Data section
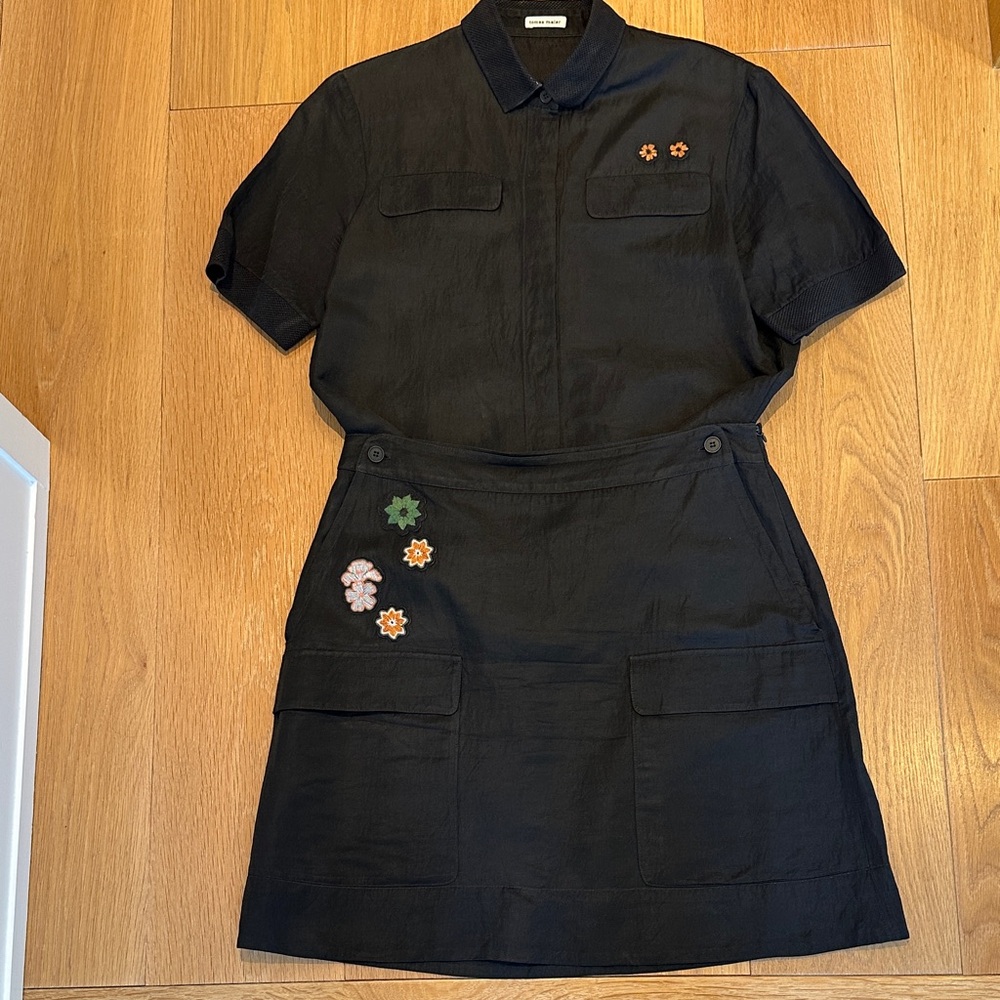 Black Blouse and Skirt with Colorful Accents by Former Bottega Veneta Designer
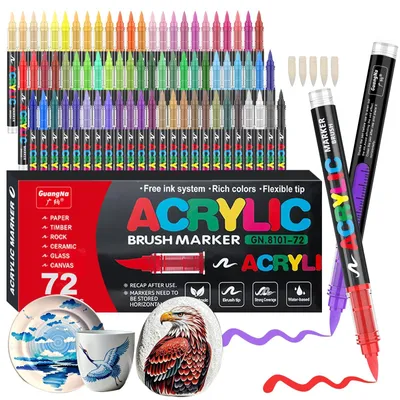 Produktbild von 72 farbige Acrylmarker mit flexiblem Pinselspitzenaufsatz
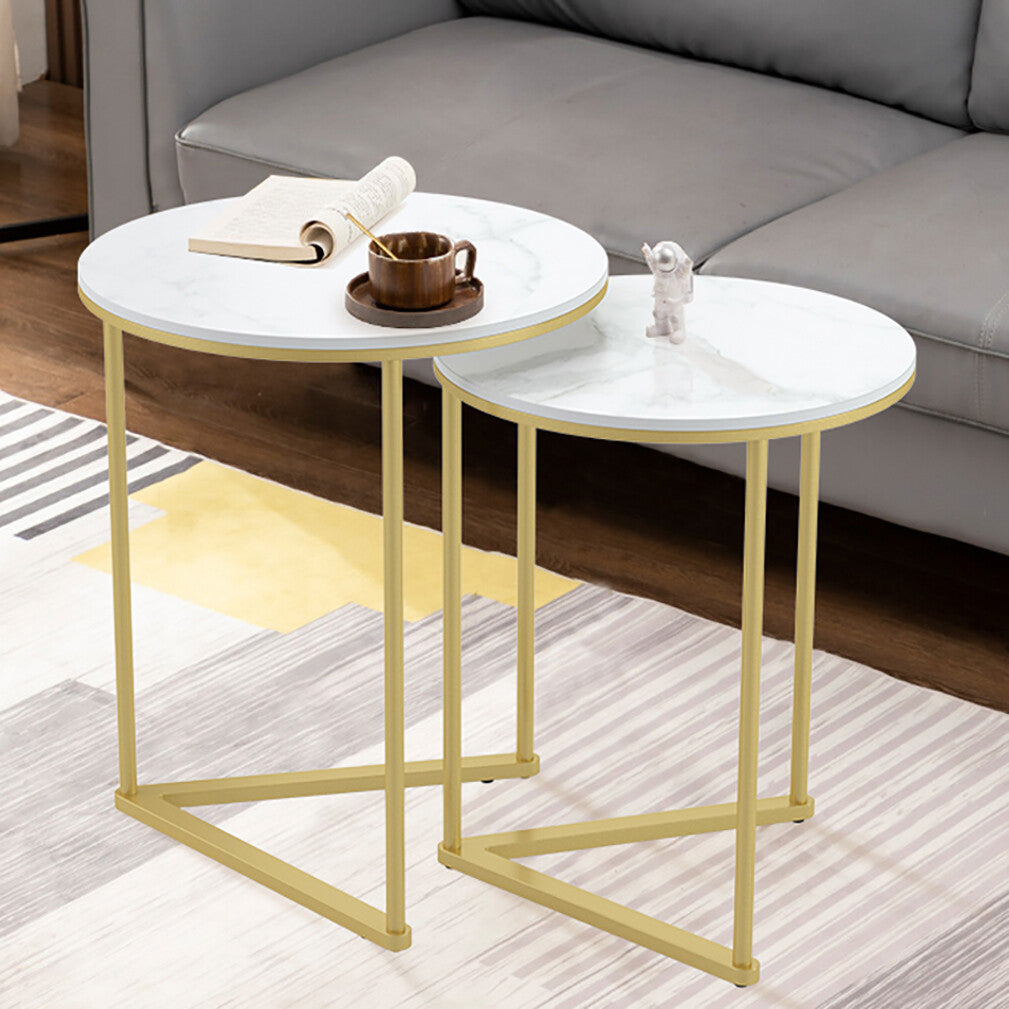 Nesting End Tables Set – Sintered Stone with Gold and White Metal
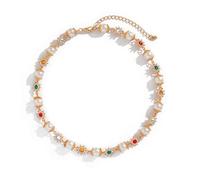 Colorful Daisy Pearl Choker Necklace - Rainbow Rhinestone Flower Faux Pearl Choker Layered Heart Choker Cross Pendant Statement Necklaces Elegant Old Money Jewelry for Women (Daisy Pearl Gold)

What is expected
Write the material out again exactly as it appears, dropping the pictures.

Expected answer
 Black Blouse and Skirt with Colorful Accents by Former Bottega Veneta Designer
 Produktbild von 72 farbige Acrylmarker mit flexiblem Pinselspitzenaufsatz
 Nesting End Tables Set – Sintered Stone with Gold and White Metal
 Colorful Daisy Pearl Choker Necklace - Rainbow Rhinestone Flower Faux Pearl Choker Layered Heart Choker Cross Pendant Statement Necklaces Elegant Old Money Jewelry for Women (Daisy Pearl Gold)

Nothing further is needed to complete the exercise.